There are other ways (besides anonymous auth as a domain user) to enable remote access, including delegation, using basic auth over HTTPS, etc. Let me know in more detail if you cannot use anonymous auth, and I can help you find the right alternative.
However, if the test with file access above is successful, your problem is more complicated - this means that the code running inside the IIS process has the correct access, but the spawned process does not inherit the ability to access remote resources.
UPDATE: according to your comment, you found that the problem is that the running process is starting under the wrong user account. This can be fixed by calling some Win32 APIs directly, and there are also .NET solutions, but if you donβt like external VBScript, it may be more than you want to accept right now.
Can you copy the file from the remote computer to a temporary file on the local computer, then run FFMPEG.EXE, and then (if you need to) save the changes to the remote server and finally delete the temporary file?
If you can do this, this will avoid the problem described in this thread, make it easier to find other problems (for example, a network failure) inside your ASP code, rather than hiding inside FFMPEG.EXE, and this may even improve performance depending on how efficiently FFMPEG.EXE handles remote file access.
Here is the code to copy the remote file to a temporary local location. A warning, perhaps some typos below, when I glued several samples to create it, and did not have time to test it myself.
<% dim filesys, filetxt Const ForReading = 1, ForWriting = 2, ForAppending = 8 Set filesys = CreateObject("Scripting.FileSystemObject") Const TemporaryFolder = 2 Dim tfolder, tname, tfile Set tfolder = fso.GetSpecialFolder(TemporaryFolder) tname = tFolder & "/" & fso.GetTempName Dim remoteFilename remoteFilename = "\\webdev2\SVC\streams\dev_f_fusion3\testfile.txt" Const OverwriteExisting = True filesys.CopyFile remoteFilename, tName, OverwriteExisting %>
I believe that this approach with local copying will give you better reliability and probably better performance, since copying all files over a network connection is usually faster than reading one fragment at a time.
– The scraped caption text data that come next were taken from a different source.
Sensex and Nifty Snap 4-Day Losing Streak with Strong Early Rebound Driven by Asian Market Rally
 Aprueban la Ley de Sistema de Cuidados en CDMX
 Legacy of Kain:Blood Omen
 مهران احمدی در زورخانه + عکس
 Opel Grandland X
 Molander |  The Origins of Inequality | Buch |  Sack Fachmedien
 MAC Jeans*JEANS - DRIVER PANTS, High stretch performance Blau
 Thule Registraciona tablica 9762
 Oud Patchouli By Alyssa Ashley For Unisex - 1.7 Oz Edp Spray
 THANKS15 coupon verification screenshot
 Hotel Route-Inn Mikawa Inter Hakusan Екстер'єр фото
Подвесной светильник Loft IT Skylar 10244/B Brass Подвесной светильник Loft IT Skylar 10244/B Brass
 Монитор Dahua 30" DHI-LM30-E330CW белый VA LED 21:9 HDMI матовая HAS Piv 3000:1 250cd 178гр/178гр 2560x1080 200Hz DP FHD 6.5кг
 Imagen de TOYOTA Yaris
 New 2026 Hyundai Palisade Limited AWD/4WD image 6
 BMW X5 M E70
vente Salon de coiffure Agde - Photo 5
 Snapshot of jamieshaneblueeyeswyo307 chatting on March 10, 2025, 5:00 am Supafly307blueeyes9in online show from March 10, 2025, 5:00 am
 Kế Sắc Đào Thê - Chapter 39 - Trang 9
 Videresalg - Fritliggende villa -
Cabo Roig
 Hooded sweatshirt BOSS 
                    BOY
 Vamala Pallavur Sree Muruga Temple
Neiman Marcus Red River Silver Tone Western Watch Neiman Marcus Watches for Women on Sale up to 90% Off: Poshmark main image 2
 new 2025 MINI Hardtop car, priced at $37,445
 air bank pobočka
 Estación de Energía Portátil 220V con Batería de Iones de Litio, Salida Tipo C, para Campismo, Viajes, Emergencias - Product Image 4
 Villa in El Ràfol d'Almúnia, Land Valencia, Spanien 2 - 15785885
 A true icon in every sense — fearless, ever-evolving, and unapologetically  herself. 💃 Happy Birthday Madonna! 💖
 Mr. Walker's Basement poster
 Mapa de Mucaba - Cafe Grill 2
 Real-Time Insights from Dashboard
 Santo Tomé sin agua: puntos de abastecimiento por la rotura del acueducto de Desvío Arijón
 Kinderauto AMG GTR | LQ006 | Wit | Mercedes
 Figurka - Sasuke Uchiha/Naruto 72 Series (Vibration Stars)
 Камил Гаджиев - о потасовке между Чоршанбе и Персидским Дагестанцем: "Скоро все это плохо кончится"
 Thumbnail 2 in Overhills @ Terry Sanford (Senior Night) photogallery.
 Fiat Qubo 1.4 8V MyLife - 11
Also, your error handling and debugging will be easier if the operations most similar to failure (access to a network file) occur inside your code, and not because of strangers.
But if you are convinced that you need to call your EXE with UNC access, the best option is to create a COM component using C ++, C # or VB, which replaces Wsh.Shell as the start of your process. I would recommend creating a component using .NET instead of native C ++, because calls will be much easier. If you do this in .NET, you will want to use the System.Diagnostics.Process class to start your process using ProcessStartInfo to specify the username / password to use.
You can also try creating a connection using WNetAddConnection2 , and then start your process using CreateProcess or a similar Win32 API (or its .NET equivalent), but you may have to play around to find the options you need to use.
In other words, it is a difficult task to create this wrapper. Your best bet is probably your current decision.